Di sisi lain, muncul pula kekhawatiran bahwa euforia tersebut telah berkembang terlalu jauh sehingga memunculkan fenomena baru bernama AI Bubble.

Perdebatan ini mengemuka dalam The Big Idea Forum bertajuk "AI Forward 2026: What’s Next for AI?" yang diselenggarakan CNN Indonesia, ketika Wakil Menteri Pendidikan Tinggi, Sains, dan Teknologi Prof. Stella Christie mengangkat kemungkinan terjadinya AI Bubble sebagai salah satu topik utama diskusi.

Pandangan itu layaknya mengingatkan bahwa perkembangan teknologi memang perlu untuk selalu dikritisi. Prof. Stella mengajak masyarakat belajar dari berbagai fenomena sejarah, mulai dari Tulip Bubble hingga Dot-com Bubble, agar tidak terjebak dalam keyakinan bahwa AI dapat menjadi solusi bagi seluruh persoalan.

Ia juga menekankan pentingnya kurasi, yakni kemampuan memilih secara bijaksana kapan AI benar-benar dibutuhkan dan kapan sebuah persoalan justru lebih efektif diselesaikan tanpa teknologi tersebut.

Hal ini mengingatkan semua pihak bahwa inovasi seharusnya lahir dari kebutuhan nyata, bukan sekadar mengikuti tren.

Fenomena yang kini dikenal sebagai AI Washing memang semakin mudah ditemukan. Banyak produk yang sesungguhnya tidak mengalami perubahan mendasar, tetapi diberi label AI demi menarik perhatian pasar.

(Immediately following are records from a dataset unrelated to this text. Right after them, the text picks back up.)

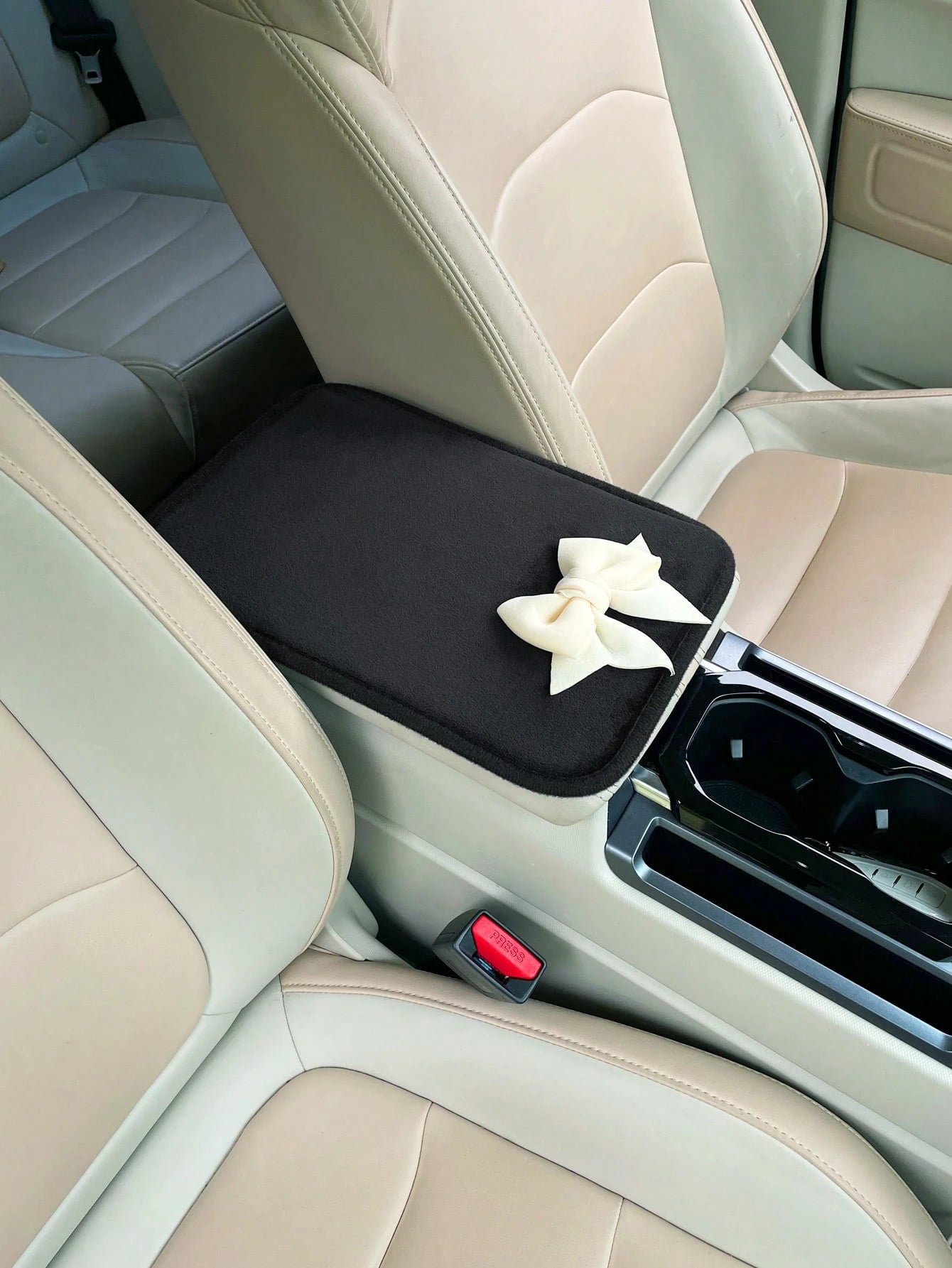 1pc Bow Decor Car Armrest Box Pad, Creative Non-Slip Central Console Cushion Cover,Car Accessories Women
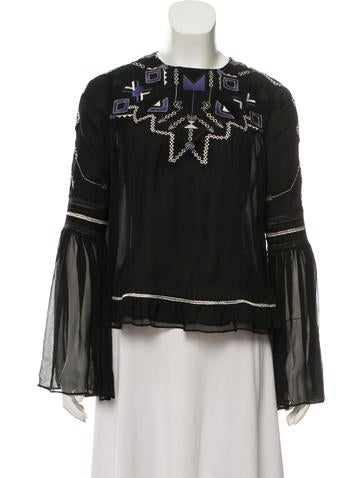 Jonathan Simkhai Tops Silk Embroidered Blouse XS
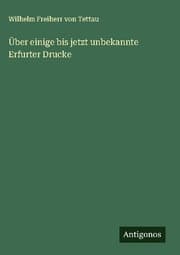 Cover von Über einige bis jetzt unbekannte Erfurter Drucke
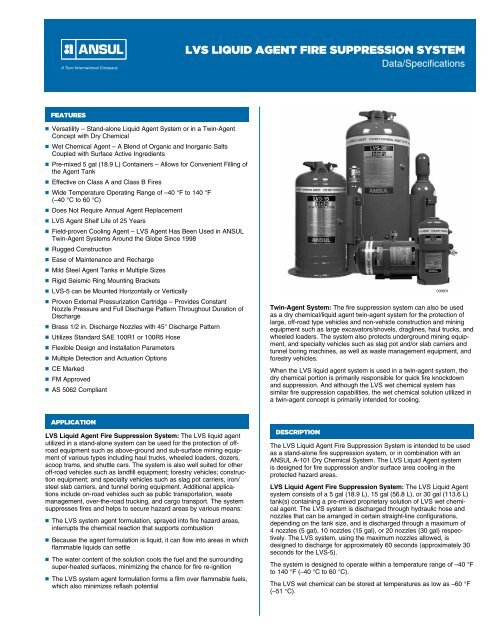 ANSUL LVS Liquid Agent Fire Suppression System Data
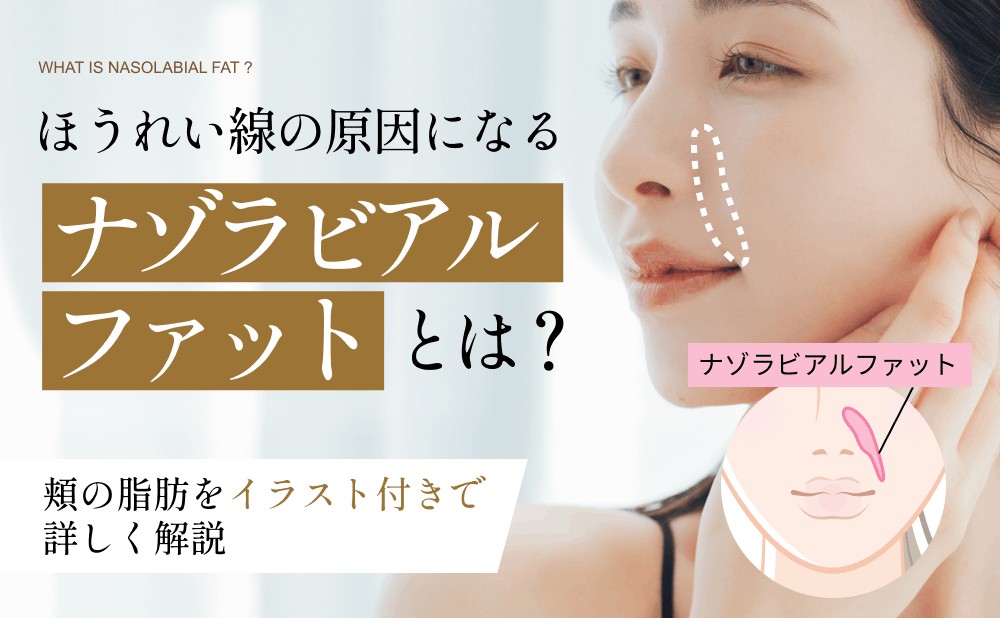 ナゾラビアルファットの文字と女性の頬
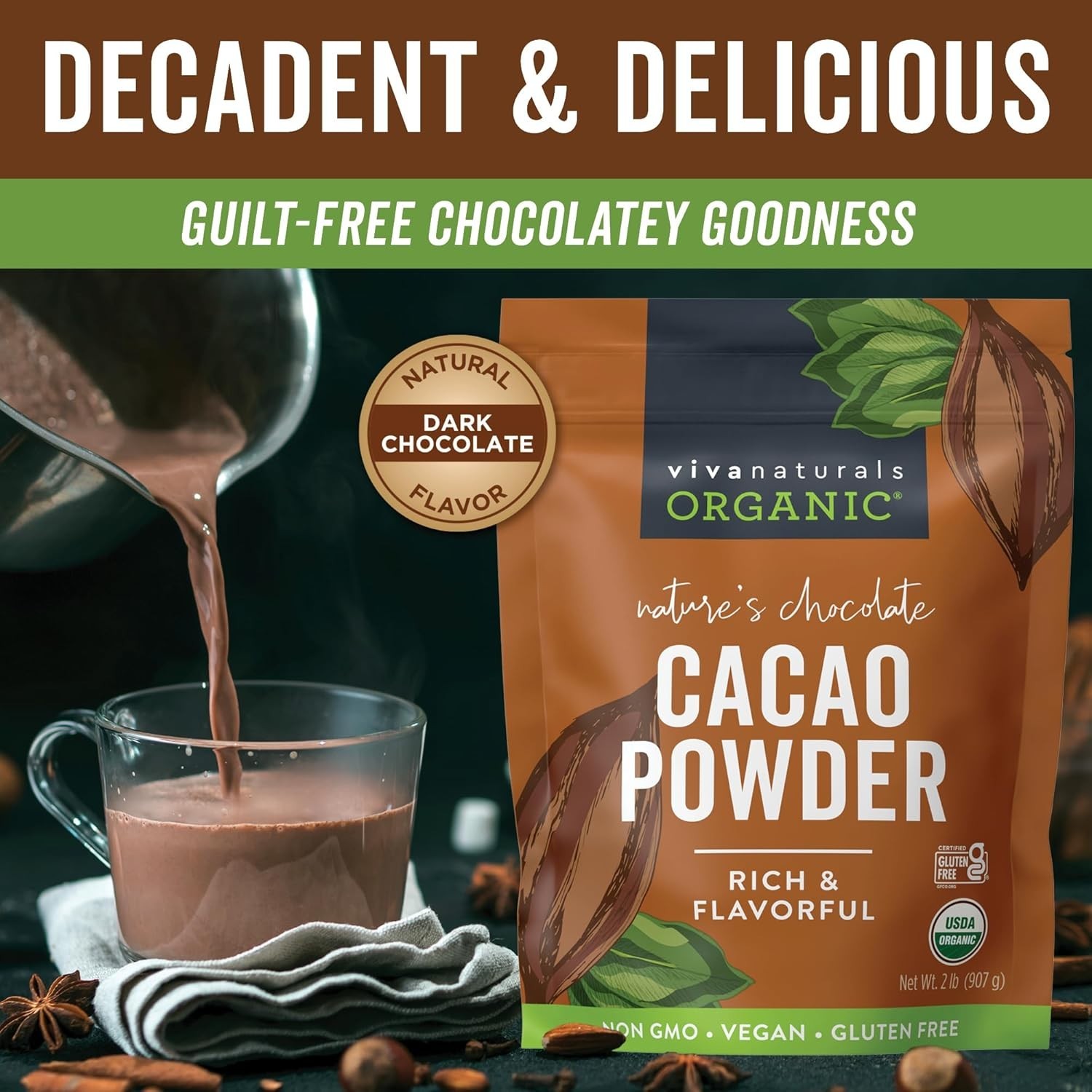 Organic Cacao Powder, Unsweetened, 2 lb 907 g Rich Dark Chocolate Flavor 2 Pound gallery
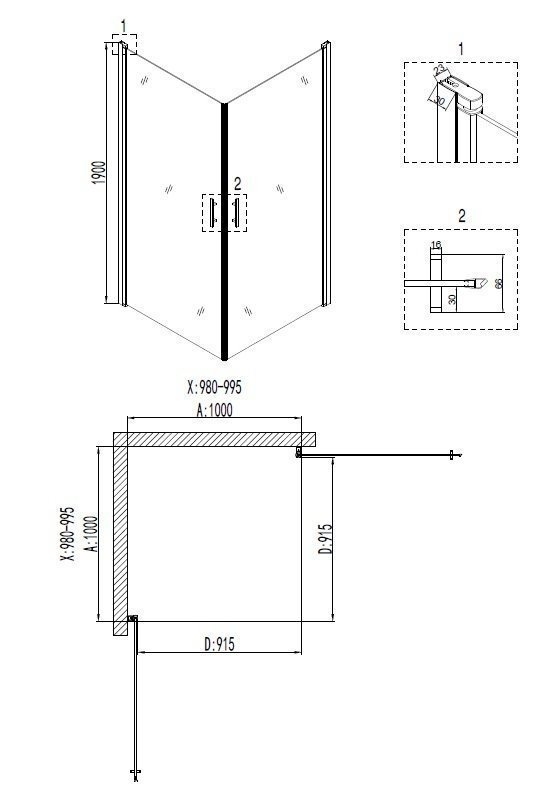 Душевой уголок Niagara Nova NG- 6604-08 100x100 купить в интернет-магазине Sanbest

Tidak sedikit organisasi yang berlomba mengadopsi AI tanpa terlebih dahulu mengidentifikasi masalah yang hendak diselesaikan. Dalam kondisi seperti itu, kurasi menjadi penting agar investasi teknologi menghasilkan manfaat yang sepadan dengan biaya dan sumber daya yang dikeluarkan.

Meski demikian, penyebutan AI sebagai sebuah bubble (gelembung) perlu dipahami secara lebih presisi. Istilah bubble tidak dapat digunakan sebagai label umum tanpa menjelaskan dimensi yang dimaksud.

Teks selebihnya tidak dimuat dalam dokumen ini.